### Exercise details
Before copying, find the line below that contains "3221 White Ibis"; then return it and all later lines exactly, up to and including the final line, with no pictures.

### Data shown
=== Section Start ===

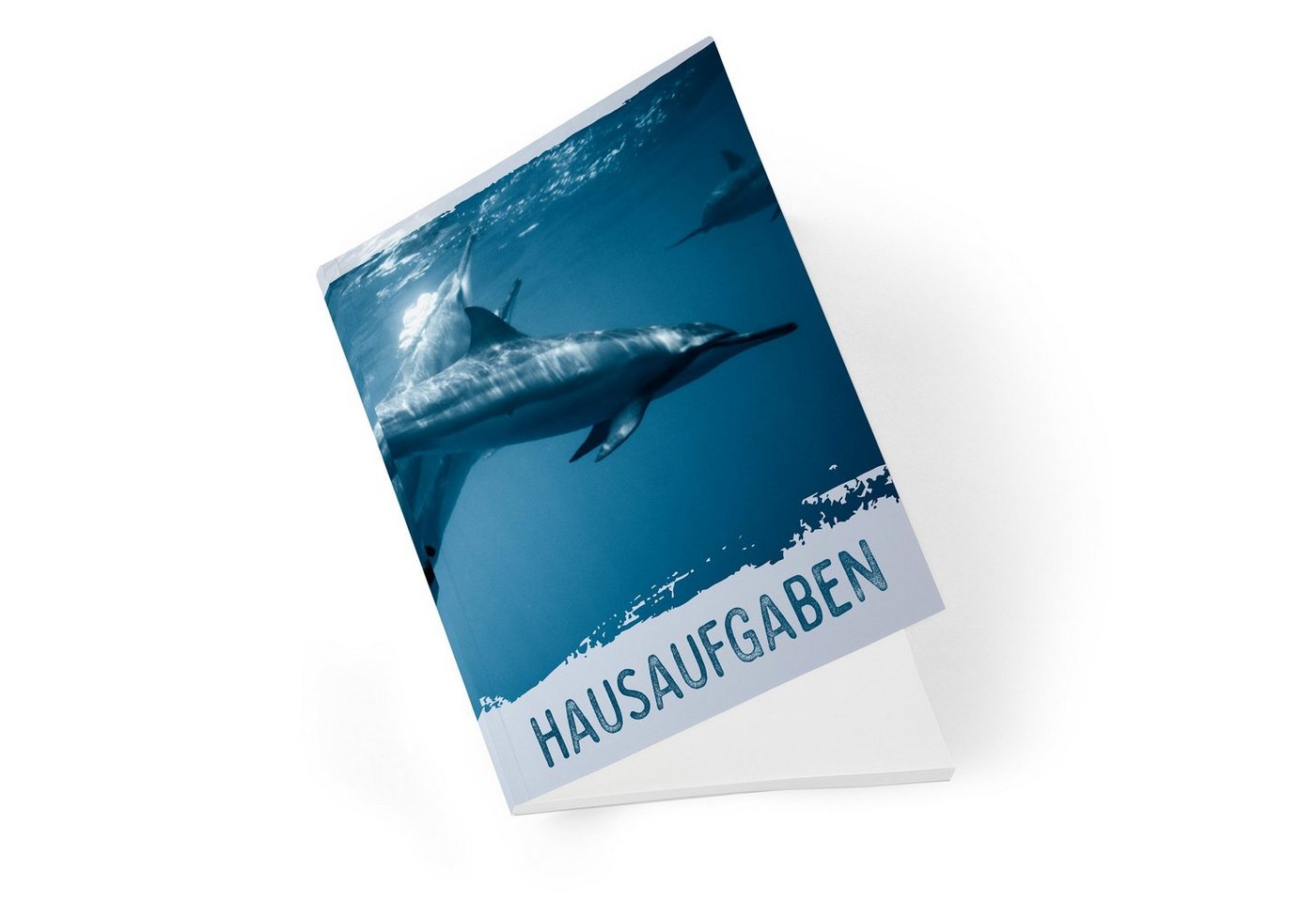 itenga Notizheft itenga Hausaufgabenheft Delfin (Motiv 26) DIN A5, 96 Seiten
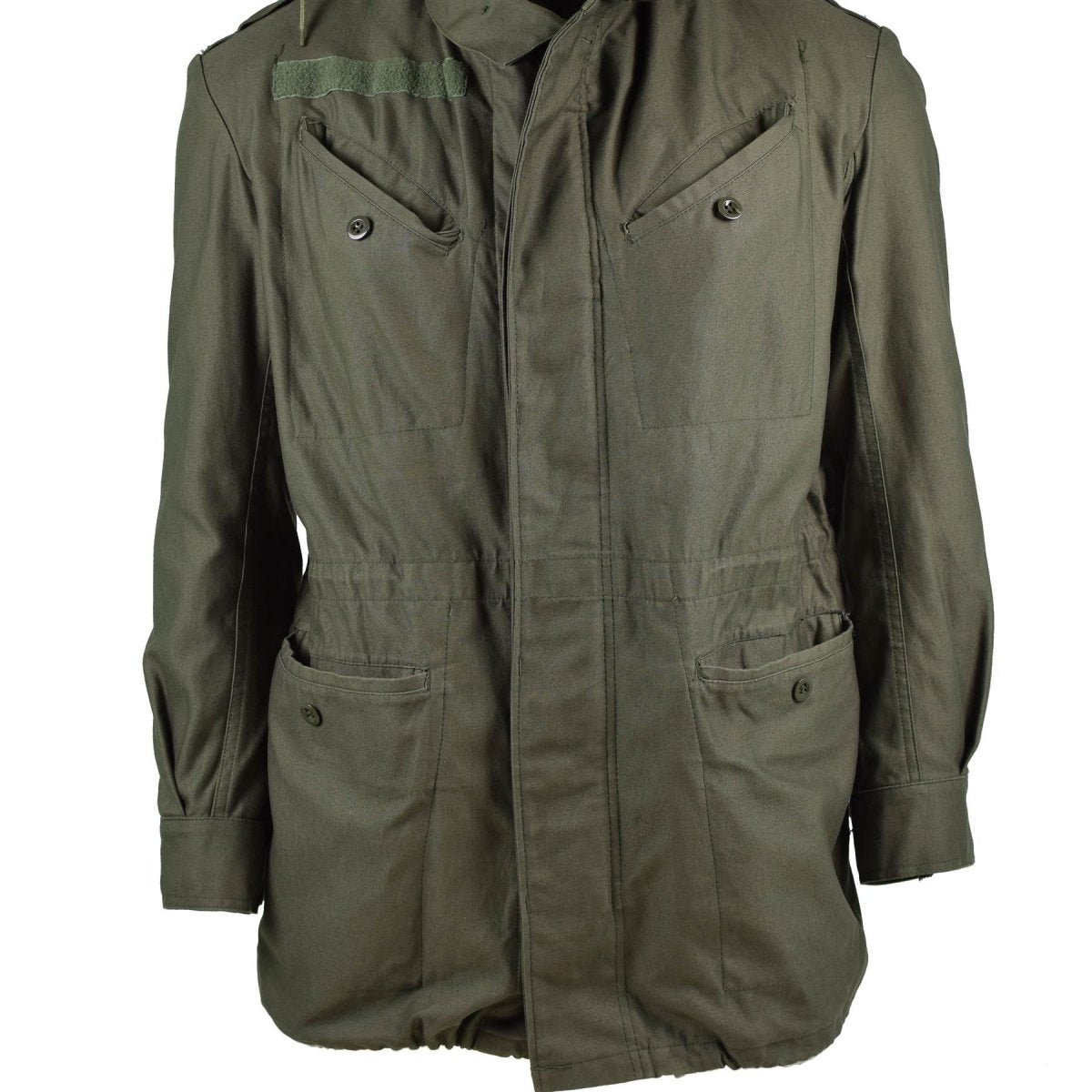 Véritable veste de campagne de l'armée belge M64 parka militaire imperméable en coton Olive NEUF
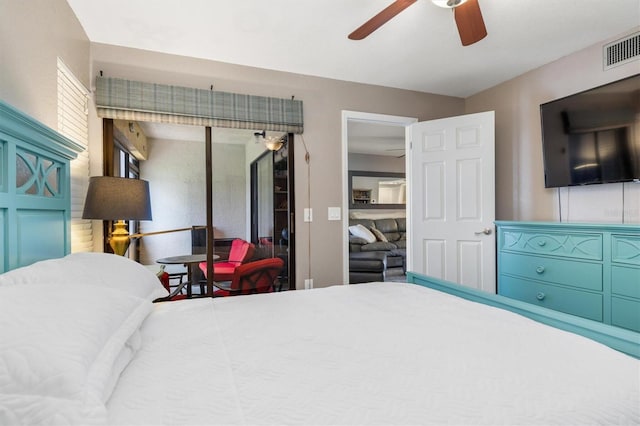 3221 White Ibis Ct Unit C1, Punta Gorda, FL 33950 - bedroom featuring a ceiling fan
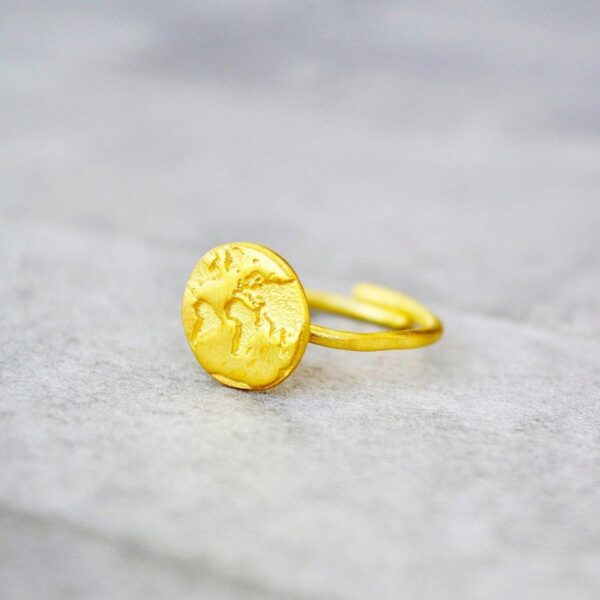 Μπρούτζινο δαχτυλίδι Χάρτης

=== Section End ===

### Task response
 3221 White Ibis Ct Unit C1, Punta Gorda, FL 33950 - bedroom featuring a ceiling fan
 Μπρούτζινο δαχτυλίδι Χάρτης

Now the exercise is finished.